Like the book said, he was the one who named her.
And he'd chosen to name her 'Rex'.
"No. I'm Sammi," she replied. "Just because the book says you can name me doesn't mean you can." That was ... wrong. She could feel the magic pushing back at her as she spoke. Everything about this was wrong, really, but that was REALLY wrong.
But Santa hated the book. Hated the idea of sending 'spies' out, hated the idea that kids thought of him as 'some sort of magical CIA Spook'. His words. So she stood her ground, and, eventually, the magic stopped pushing.
Tommy was more straightforward. "That makes sense. Sorry," said Tommy, apologizing.
"It's ok," she said, accepting it.
"Well, it's nice to meet you, Sammi. I'm Tommy," he said, smiling now.

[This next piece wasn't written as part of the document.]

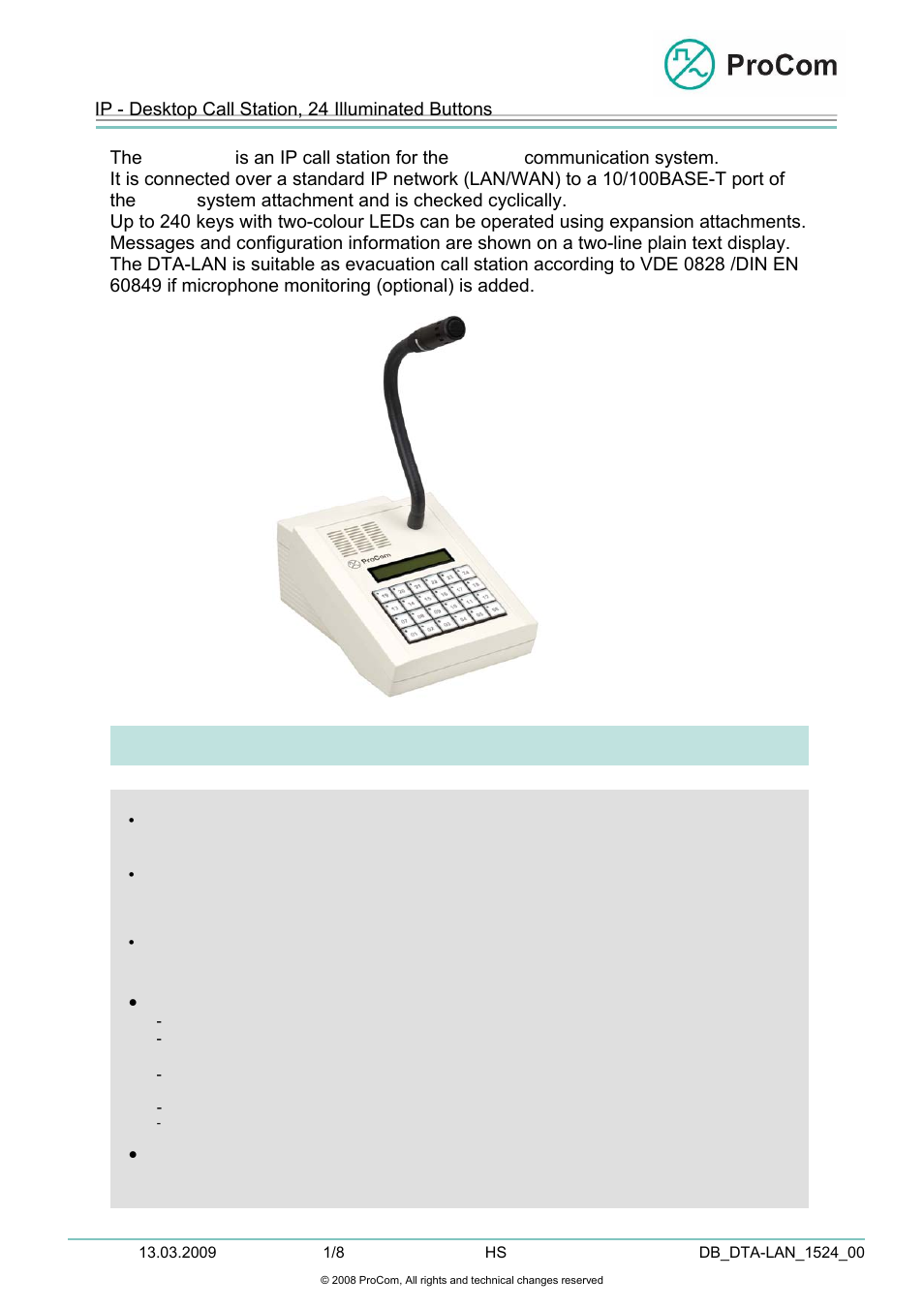 Procom DTA-LAN User Manual | 8 pages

"I know. I've been watching you all day. But it's nice to really meet you," Sammi replied, smiling back at him.
At that moment, Sammi's world seemed to tilt, like she'd not been a person until then. She was still herself, still Sammi, like she'd always been, but now she was Sammi to Tommy too. And he wasn't just another elf, or North Poler, or even a veilsider. He was a human. A farsider human. A curious farsider human at that.
He had questions, and she had answers. Mostly. Sometimes she didn't have an answer because she didn't know what the answer really was, and she didn't want to lie. Lying was bad.
Sometimes she'd never thought about the question before. And he had answers for her, too. He told her about humans, about life on the farside, about his family. They were up until late talking about everything and nothing, almost until it was too late for her to be on time. Not quite, but almost. It was one of the happiest nights of her life, even if she did get in trouble for it from the other elves for it.
Not from Santa. He was quiet about it, and just took the report she gave. But she thought she saw Santa smiling and laughing as she left.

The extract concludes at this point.